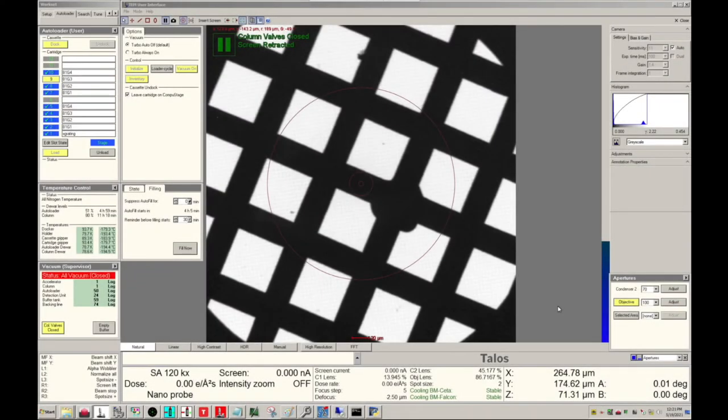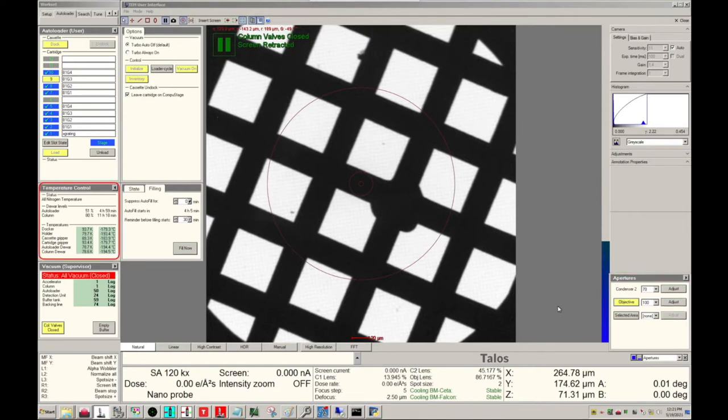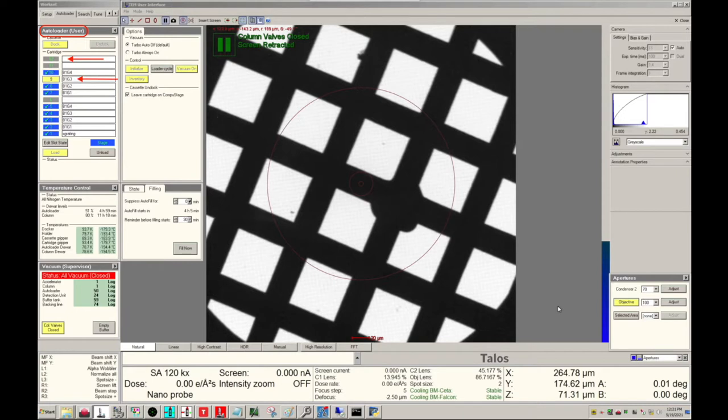On the Microscope PC we see the vacuum panel. Make sure column valves closed is yellow, which means true, and that the values are green. We want to make sure the scope is left in SA-MAG. In Aperture, take out the objective if it's yellow. Temperature control should be set to all nitrogen temperatures. In the autoloader we can see empty slots in gray, the grid currently on stage is yellow, and other grids in the cassette are blue.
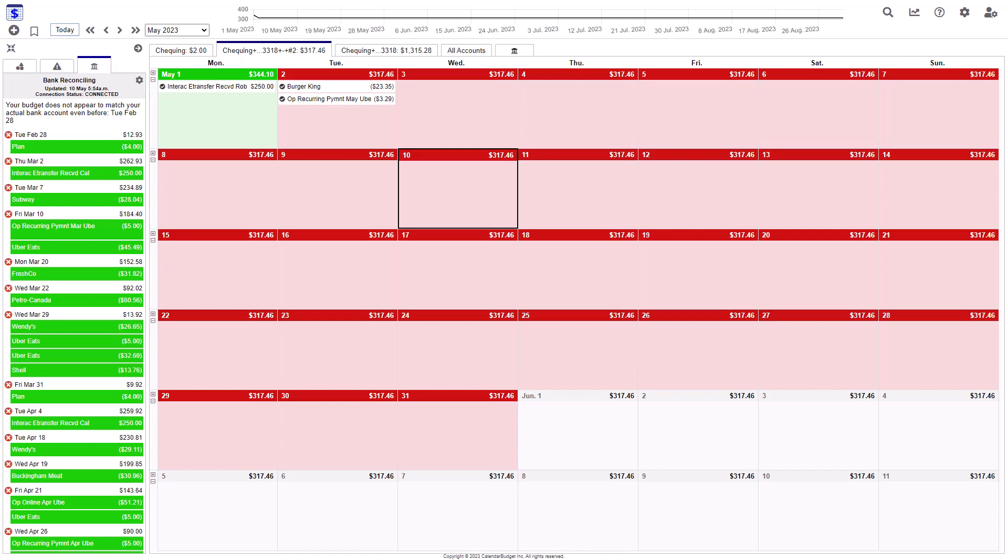CalendarBudget Premium is here, which automatically connects to your bank account and works fantastically, except for a rare condition where sometimes it will say that your bank account does not appear to match things until some date about three months ago.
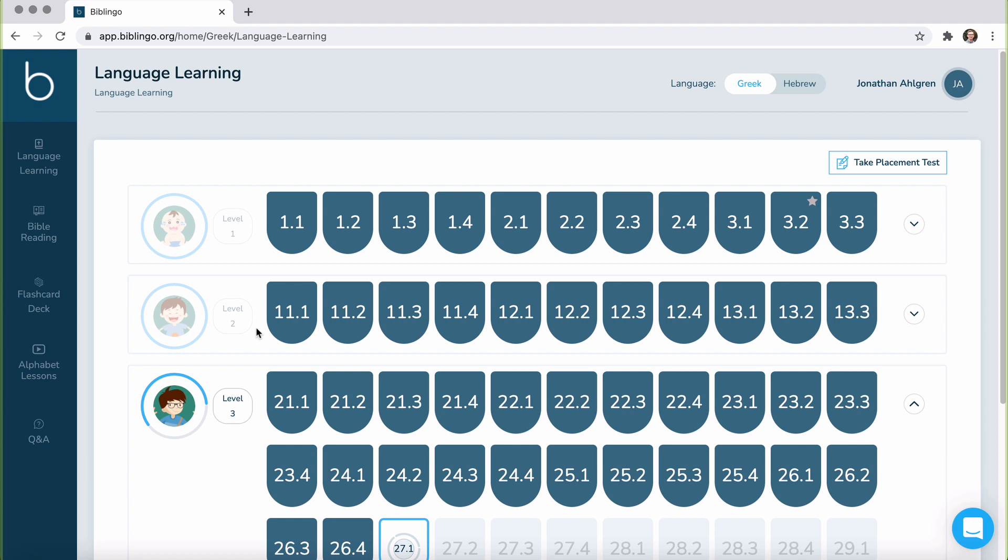In summary, I'd recommend Biblingo for students who are possibly in seminary who want to supplement their textbook learning experience. I'd also recommend it for church members who want a fun way to dive into the biblical languages, maybe for the first time. Biblingo is very helpful, and I'm very thankful for the work that they are doing.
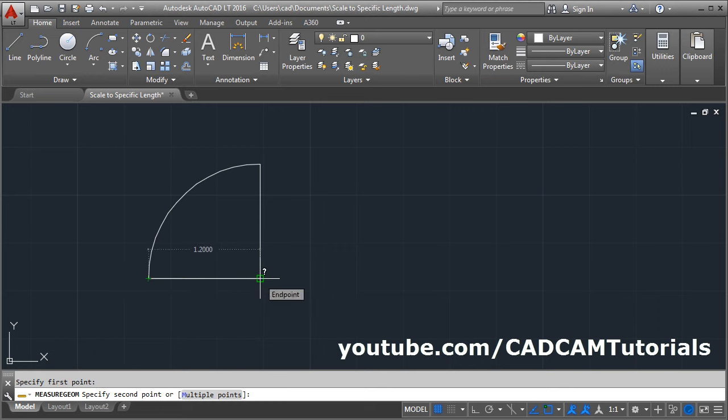Now the length of this line is 1.2. I want to make it 0.9.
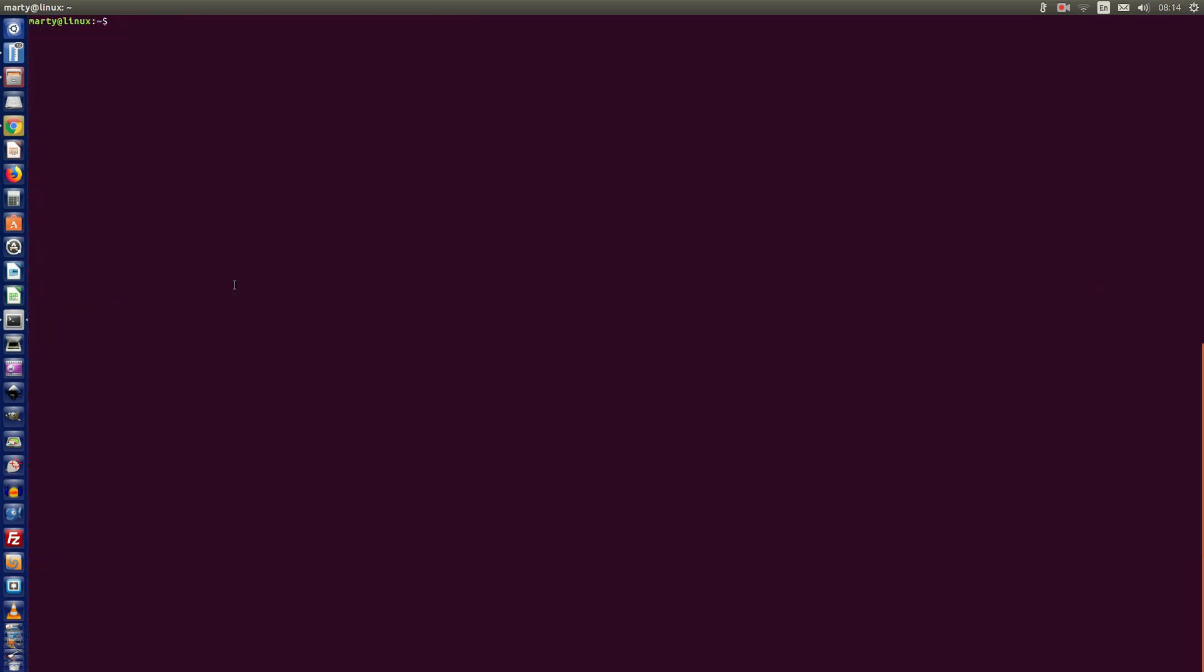So let's see what happens if we rerun that update command again. It's solving the environment, so it's basically going through and checking to see if there are any updates required. My guess is that there shouldn't be because we just did an update.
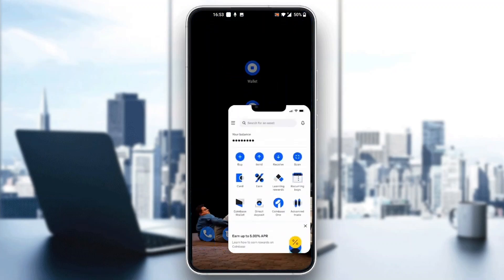After logging into your account, you'll be greeted by this new main page, which is now the homepage of the application. As you can see at the bottom of the screen, you can see all the options you can access such as home, my assets, your trades, and so on.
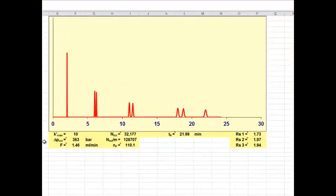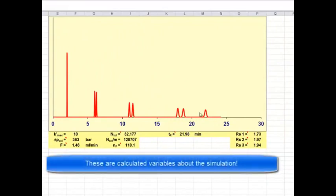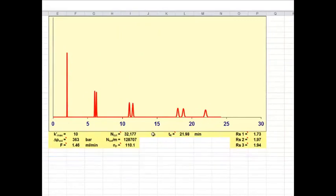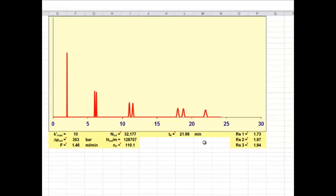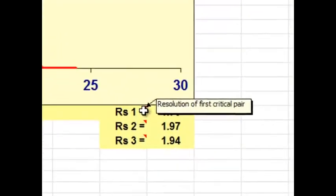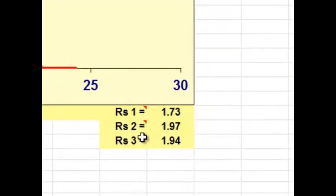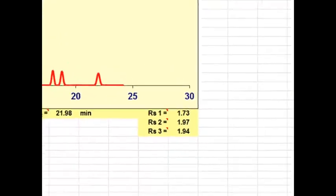And then you see in the yellow, the chromatogram, and below are things like the maximum capacity factor, which must be this peak way out here, minus the retained T sub m divided by T sub m. The pressure of the column is also calculated. Remember, you need to keep that below about 1000 bar, ideally 400 bar for a typical system. The flow rate, the number of plates, the retention time, I think of the max peak, and then the resolution 1, 2, and 3. And it tells you of the first critical pair, second and third.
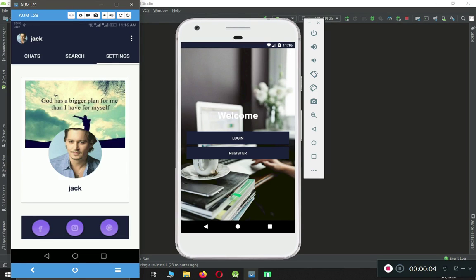Hello guys, welcome to Coding Cafe. My name is Muhammad Ali and we are going to start this another cool revolutionary chat application, which is basically an Android chat application using Firebase, developed using the Kotlin programming language in Android Studio.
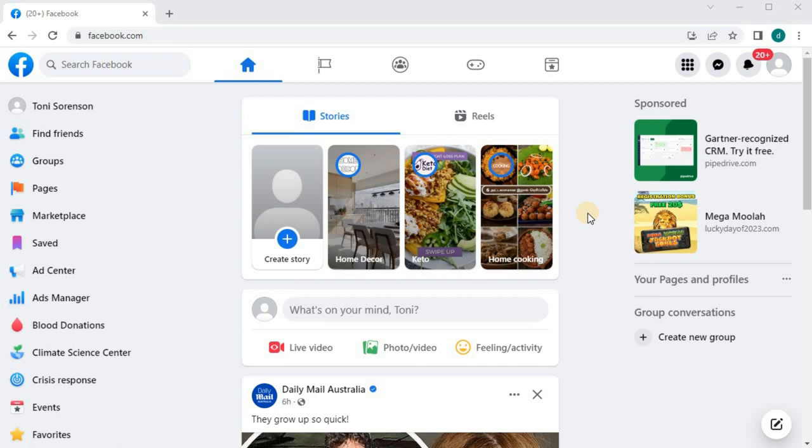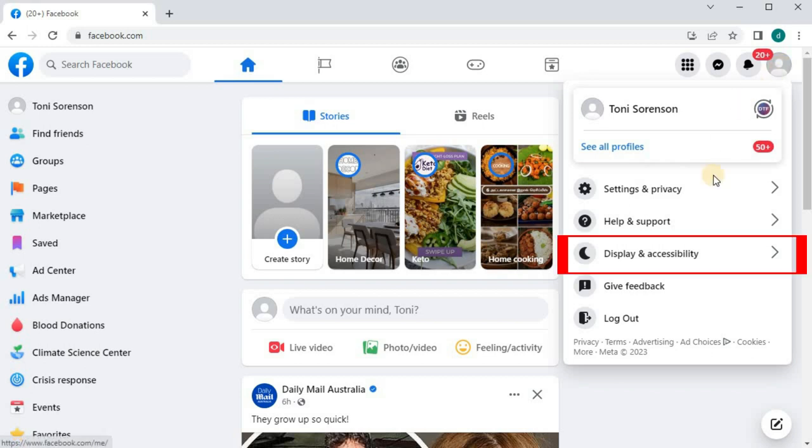Open up your Facebook account. Push on your profile picture in the upper right corner. Go down to where it says Display and Accessibility.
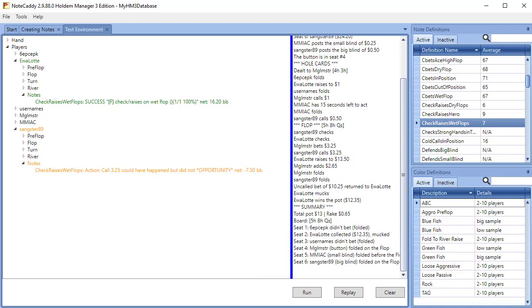The test environment can be very useful if notes are not getting created when you think they should. For example, if you have a Notecaddy stat for 4-bet bluff and you see a player make a 4-bet bluff but the note does not show up, you can find the hand, paste it into the test environment and find out exactly why the note is not showing up.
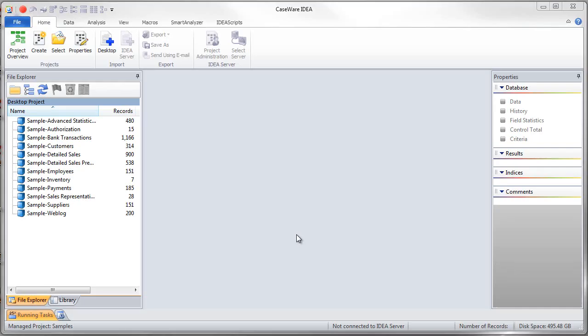In this video I'd like to demonstrate how to perform a direct extraction. The direct extraction task lets us extract records from a database that meet specified criteria and output those records to a separate database. This lets us isolate specific records for further testing and analysis.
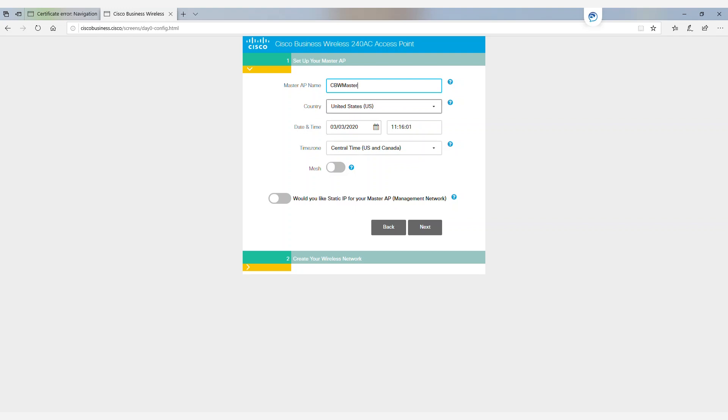It's going to ask for our country, date, time, and time zone. In most cases, this will be auto-populated with our information. It's important to double-check the information and make sure it is correct in the event that it was auto-populated.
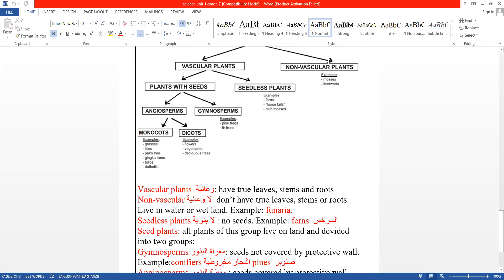Non-vascular plants are plants that don't have true stems. They don't have leaves.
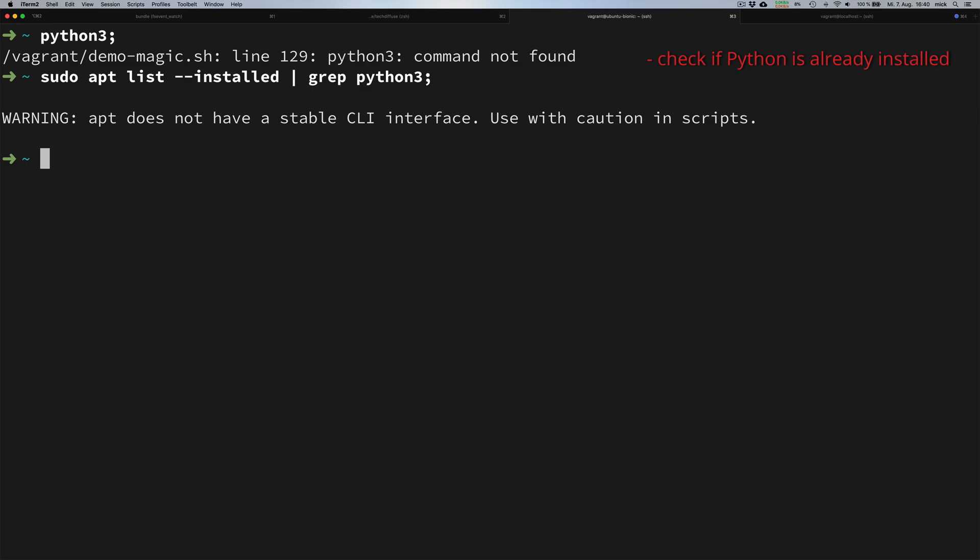We see we don't have any Python libraries installed. We can just ignore the warning for now. It has nothing to do with Python itself, but we are now sure we don't have any Python libraries on our system.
============================================================
-- EXERCISE DIRECTIONS --
Wherever an image appears, omit it, and retype everything else in the entries exactly.

-- RESULT FOR THIS EXERCISE --
On the Microscope PC we see the vacuum panel. Make sure column valves closed is yellow, which means true, and that the values are green. We want to make sure the scope is left in SA-MAG. In Aperture, take out the objective if it's yellow. Temperature control should be set to all nitrogen temperatures. In the autoloader we can see empty slots in gray, the grid currently on stage is yellow, and other grids in the cassette are blue.
CalendarBudget Premium is here, which automatically connects to your bank account and works fantastically, except for a rare condition where sometimes it will say that your bank account does not appear to match things until some date about three months ago.
In summary, I'd recommend Biblingo for students who are possibly in seminary who want to supplement their textbook learning experience. I'd also recommend it for church members who want a fun way to dive into the biblical languages, maybe for the first time. Biblingo is very helpful, and I'm very thankful for the work that they are doing.
Now the length of this line is 1.2. I want to make it 0.9.
So let's see what happens if we rerun that update command again. It's solving the environment, so it's basically going through and checking to see if there are any updates required. My guess is that there shouldn't be because we just did an update.
After logging into your account, you'll be greeted by this new main page, which is now the homepage of the application. As you can see at the bottom of the screen, you can see all the options you can access such as home, my assets, your trades, and so on.
And then you see in the yellow, the chromatogram, and below are things like the maximum capacity factor, which must be this peak way out here, minus the retained T sub m divided by T sub m. The pressure of the column is also calculated. Remember, you need to keep that below about 1000 bar, ideally 400 bar for a typical system. The flow rate, the number of plates, the retention time, I think of the max peak, and then the resolution 1, 2, and 3. And it tells you of the first critical pair, second and third.
Hello guys, welcome to Coding Cafe. My name is Muhammad Ali and we are going to start this another cool revolutionary chat application, which is basically an Android chat application using Firebase, developed using the Kotlin programming language in Android Studio.
Open up your Facebook account. Push on your profile picture in the upper right corner. Go down to where it says Display and Accessibility.
The test environment can be very useful if notes are not getting created when you think they should. For example, if you have a Notecaddy stat for 4-bet bluff and you see a player make a 4-bet bluff but the note does not show up, you can find the hand, paste it into the test environment and find out exactly why the note is not showing up.
In this video I'd like to demonstrate how to perform a direct extraction. The direct extraction task lets us extract records from a database that meet specified criteria and output those records to a separate database. This lets us isolate specific records for further testing and analysis.
It's going to ask for our country, date, time, and time zone. In most cases, this will be auto-populated with our information. It's important to double-check the information and make sure it is correct in the event that it was auto-populated.
Non-vascular plants are plants that don't have true stems. They don't have leaves.
We see we don't have any Python libraries installed. We can just ignore the warning for now. It has nothing to do with Python itself, but we are now sure we don't have any Python libraries on our system.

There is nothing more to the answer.